The one we chose to have was the Strawberry Cream Martini. It was so strange to see a cloudy pink liquid being poured out of a teapot – I’m so used to the clear streams of tea that it surprised me a bit. I inhaled the scent first, and it did have a very strong smell of strawberry, which was lovely on a sunny day. Hayley said she felt like she was in Paris or some posh European city (I suppose much more posh than Glasgow) sitting in the front courtyard with the sun streaming in through the vines and the other people drinking their illicit tea next to us.
The taste was absolutely lovely. Creamy indeed. The description on the menu was “Raspberry skyy vodka & strawberry bols liqueur, infused with a touch of double cream, strawberry & champagne jam, topped up with cranberry juice”.

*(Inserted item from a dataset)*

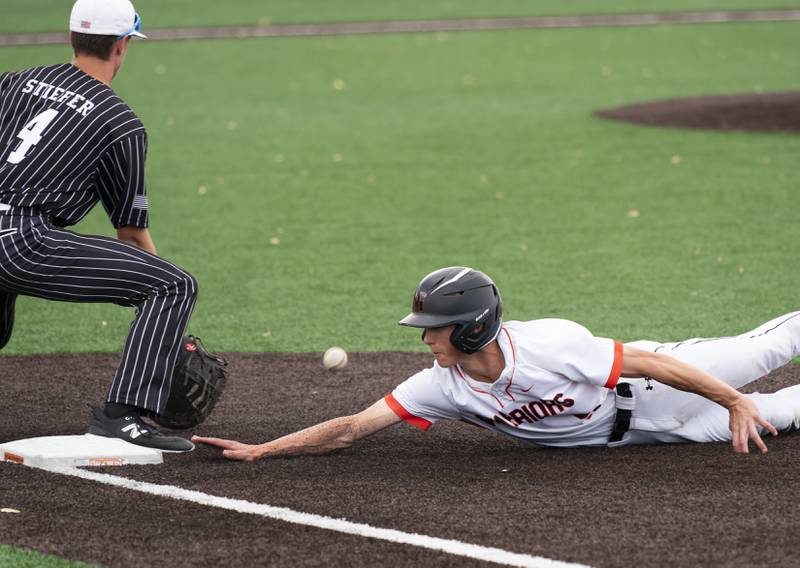 McHenry's Landon Clements dives back to first base safe as Prairie Ridge's Karson Stiefer tries to make the out during their game on Friday, May 16, 2025 at McHenry High School. Ryan Rayburn for Shaw Local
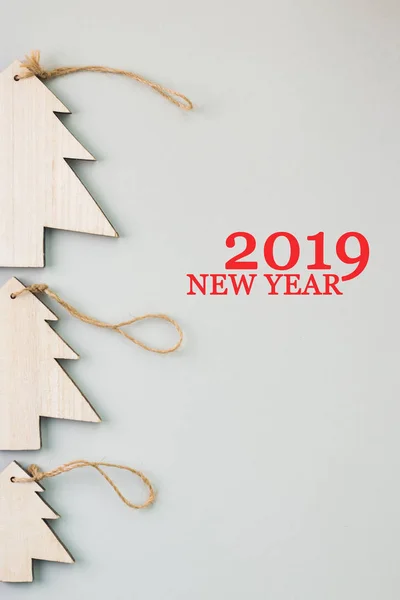 Christmas and New Year\'s Day festive decoration, wooden Christmas tree on gray background.  Copy space for text. Flat lay. View from above with text 2019 New Year.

We enjoyed every aspect of it – and you could see the little strawberry seeds from the jam remaining at the bottom of the cup. The afternoon tea included cucumber and egg sandwiches, with a dark chocolate cake, buns, and scones with jam and cream. I think I had more cream and jam than I’ve had in a very long time! It was a proper tea, on a beautiful day, with excellent company. Absolutely ideal way to finish off and celebrate my 90 days. (We added a few cocktails, too, just because.)
My summary of the tea journey is as follows:
There are far more tea varieties than you could possibly imagine. I never had an instance where I ran out of teas to try – I could easily have carried on for the entire year with this project. I did run out of teas in my own cupboard, but that’s simply because it gets expensive buying an entire box of tea, and then realising you’ve got to go get another one for the next day! I had green teas, black teas, red/rooibos teas, white teas, fruity teas, and herbal teas. I had iced tea, hot tea, lukewarm tea (not recommended); tea with milk, with lemon, with sugar, with honey. I drank tea in Scotland, England, and America, and I tried teas originating from Africa, Thailand, India, Arizona, Japan, the Netherlands, China, and Russia. I drank tea alone, sipping quietly and enjoying a time of rest; at airports, rushing along to catch a flight; in groups of laughing people; with a close friend over long conversation; at business meetings; with family; at home; and in restaurants. There were a few teas I really did not like, but even those I came to appreciate in some way. I’ve had my entire perspective opened up, and I can’t think of a single tea that I wouldn’t at least try once. I’ve learned how to guestimate what’s in a tea without even knowing its name, and I’ve dissected tea leaves to discover the answer. I’ve fallen in love with loose leaf tea, and even more with the green variety. I still don’t like a cup of hot tea on a warm summer’s day. And I’ve enjoyed my days of rest, too.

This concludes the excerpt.